A. Futility Exception to Exhaustion
¶ 17 Under the futility exception, exhaustion is not necessary when it is “clear beyond a reasonable doubt that further administrative review by the agency would be futile because the agency will not provide the relief requested.” Crow, 169 P.3d at 165 (quoting City & Cnty. of Denver v. United Air Lines, Inc., 8 P.3d 1206, 1213 (Colo. 2000)); accord First Christian Assembly of God v. City & Cnty. of Denver, 122 P.3d 1089, 1093 (Colo. App. 2005). This exception may apply where “the conduct of the employer amounts to a repudiation” of the grievance procedure contained in the bargaining agreement. Shorey, 826 P.2d at 844 (quoting Vaca v. Sipes, 386 U.S. 171, 185 (1967)).6In that situation, “the employer is estopped by [its] own conduct to rely on the unexhausted grievance and arbitration procedures as a defense to the employee’s cause of action.” Vaca, 386 U.S. at 185. The employee, therefore, when confronted with the employer’s repudiation of the grievance process, is not limited to the grievance procedure of the collective-bargaining agreement and may sue the employer for breach of contract. Id.; see Albertson’s, Inc. v. Rhoads, 196 Colo. 159, 161, 582 P.2d 1049, 1050 (1978) (acknowledging that the existence of extraordinary circumstances can dispense with the exhaustion requirement).

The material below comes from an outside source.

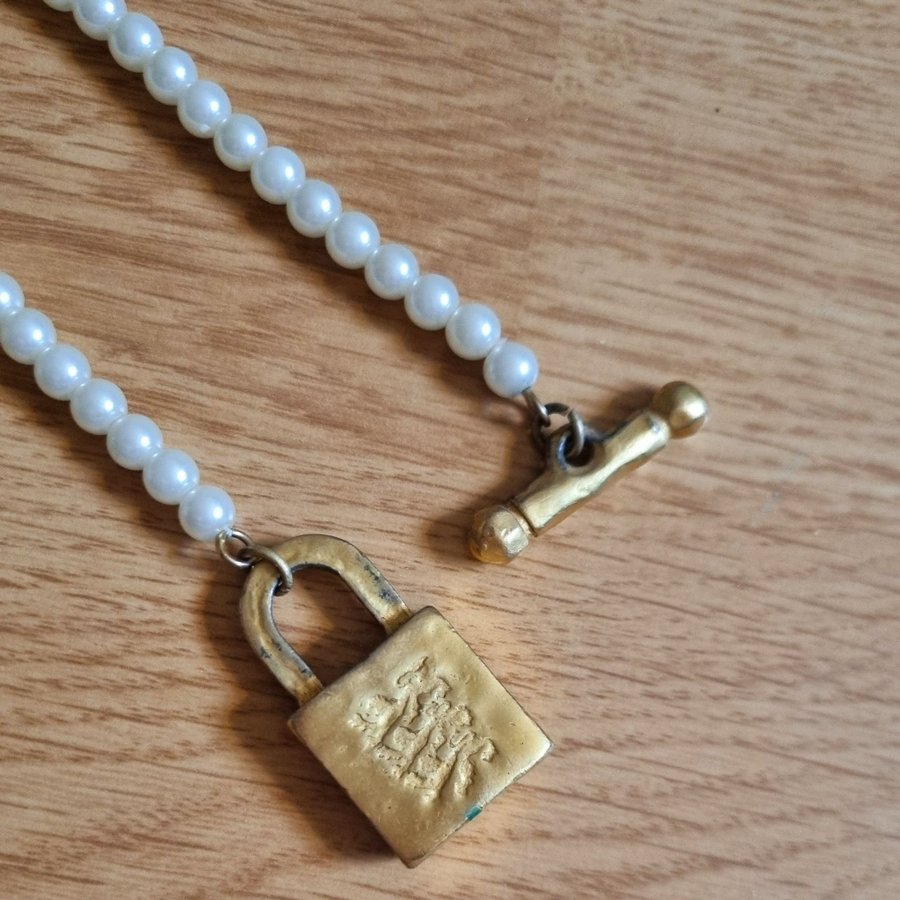 Pearled Key-lock Necklace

¶ 18 Brown claims that proceeding to step four of the grievance process would have been futile because the District’s refusal to comply with the step-three hearing officer’s recommendation demonstrated that it would not follow an arbitrator’s advisory recommendation in step four.7
¶ 19 The bargaining agreement makes clear that, regardless of the hearing officer’s decision, “if the grievance is not resolved” at step three, a step-four arbitration must be initiated by the CSEA on behalf of the employee. Article 6-5-4-1 states as follows: “If the grievance is not resolved at Step Three, a demand for an Arbitration hearing will be transmitted in writing by the CSEA to the office of Employee Relations, within ten (10) workdays after the CSEA receives the Step Three decision.” (Emphasis added).
¶ 20 Because the grievance was not resolved at step three, and because the parties did not complete the step-four grievance process, the Board, acting through its elected members, never had an opportunity to review the refusal of the District, that is, Archibold, to reinstate Brown at step three.8We recognize that Brown would not normally wish to initiate a step-four proceeding after receiving a favorable recommendation at step three when the District accepts that recommendation. However, where a dispute remains, Brown must seek redress by the Board under CBA article 6-5-4-3, thus completing the administrative process and securing a final Board decision, before resorting to his judicial remedies.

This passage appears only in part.